ASSIGNMENT: Take the material below and output exactly the run of lines from the one containing "Laser hair removal" down to the one containing "Vanessa the hippo", with both included.

SUPPLIED DATA:
--- START ---

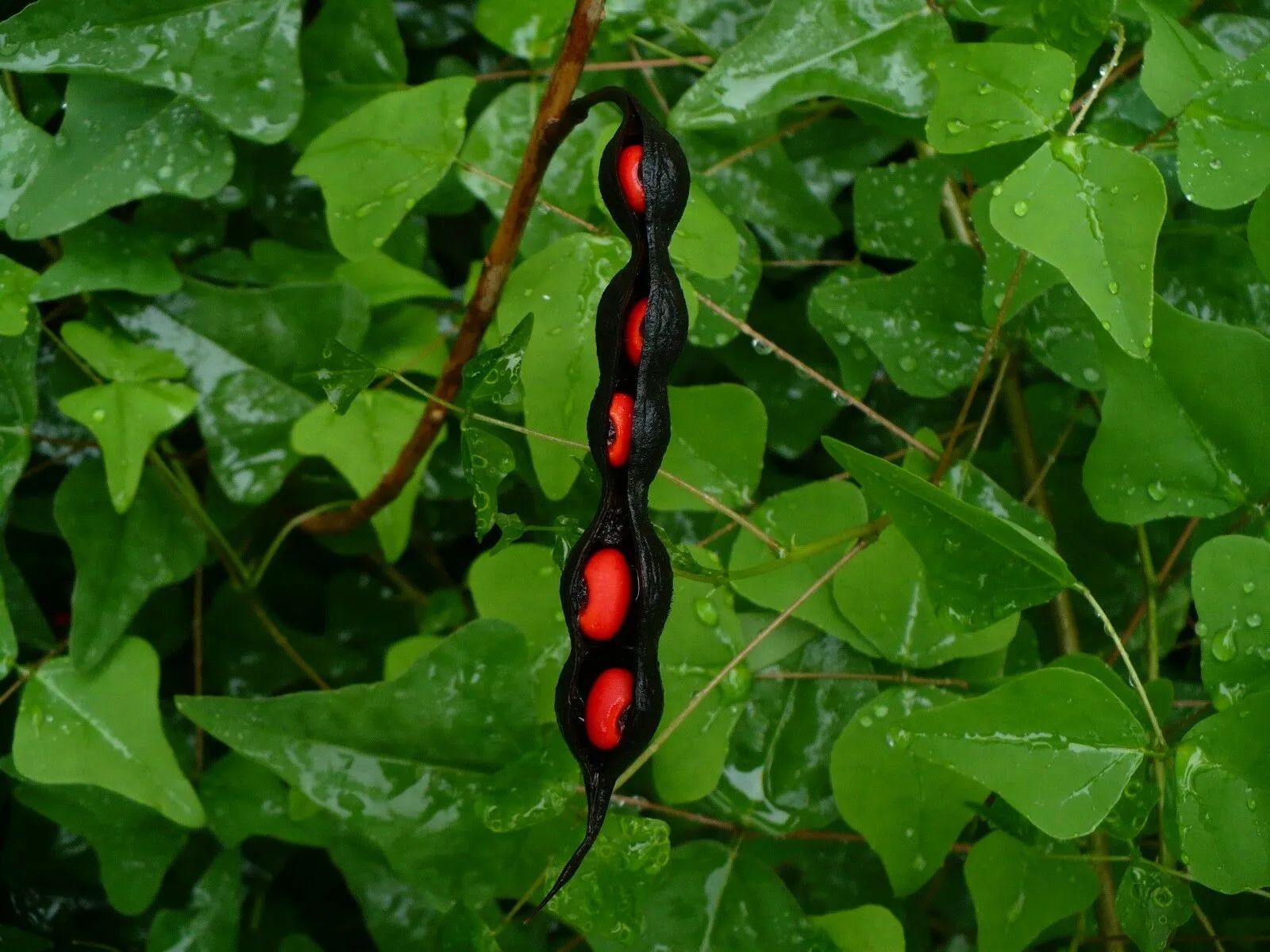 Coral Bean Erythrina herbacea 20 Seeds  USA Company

--- END ---
--- START ---

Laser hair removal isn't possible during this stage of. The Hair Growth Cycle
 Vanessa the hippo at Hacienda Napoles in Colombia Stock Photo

--- END ---

SOLUTION TO THIS EXERCISE:
Laser hair removal isn't possible during this stage of. The Hair Growth Cycle
 Vanessa the hippo at Hacienda Napoles in Colombia Stock Photo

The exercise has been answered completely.